The answer, of course, is your local NHS Homeopathic Hospital.
Dr Elizabeth Thompson MRCP MFHom, in an article entitled, When orthodox medicine has nothing more to offer …, notes that the Glasgow Homeopathic Hospital (paid by your taxes) is seeing an increasing number of cancer patients and notes that they have “experience in using Mistletoe which is given by injection and has been shown to stimulate the group of white cells whose numbers can be depleted.” Another NHS Hospital, the Royal London Homeopathic Hospital is said to spend “5 million pounds on treatments such as Indian head massage, hypnotherapy and mistletoe, each year.”
Of course, if you do not want to use public facilities, you can spend your own money privately. Harley Street is the place to go, where you can find doctors like Dr Sosie Kassab MB BS FFHom MRCGP, who is also Director of Complementary Cancer Services at Royal London Homoeopathic Hospital, offering mistletoe treatment through the private London Oncology Clinic.
Whether or not patients receive any benefit from these public and private services looks rather doubtful.
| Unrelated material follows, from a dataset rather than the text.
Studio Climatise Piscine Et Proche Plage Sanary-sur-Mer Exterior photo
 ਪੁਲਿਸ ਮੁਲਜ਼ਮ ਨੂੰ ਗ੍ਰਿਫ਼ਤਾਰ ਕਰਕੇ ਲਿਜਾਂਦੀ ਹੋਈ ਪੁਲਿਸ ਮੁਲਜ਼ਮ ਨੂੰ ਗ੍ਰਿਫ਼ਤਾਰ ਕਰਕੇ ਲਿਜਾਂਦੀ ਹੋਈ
Of course, doctors should be free, within ethical guidelines, to explore new treatments and develop new therapies. Patients obviously need to be fully informed though of what is going on. My concern is that anyone who has bought into the whole homeopathy thing may not be objectively evaluating the rationality and evidence-base for such treatments. But, this may not be too big an issue for too much longer. 2009 will see one of the NHS Homeopathic hospitals closing for good, and the others are struggling to stay open. They claim patient choice is being eroded by these decisions and the ‘campaigns’ against homeopathy. Patient choice though is about more than having available whatever bizarre treatment available anyone can dream up.
And, as it is Christmas, it would be rather Scrooge-like to end on such a down note. Myrrh might be rubbish, mistletoe doubtful, but a review in the BMJ by Edzard Ernst, just a few days ago, concluded that the evidence for treatments containing frankincense (B serrata) extracts is “encouraging, but not compelling”.
Results of all trials indicated that B serrata extracts were clinically effective. Three studies were of good methodological quality. No serious safety issues were noted.
Not too bad then. Maybe we will look at that next year.
Have a peaceful Christmas, good luck under the mistletoe, and may Santa spare you the mad Aunt giving you a selection of Neal’s Yard Remedies toiletries.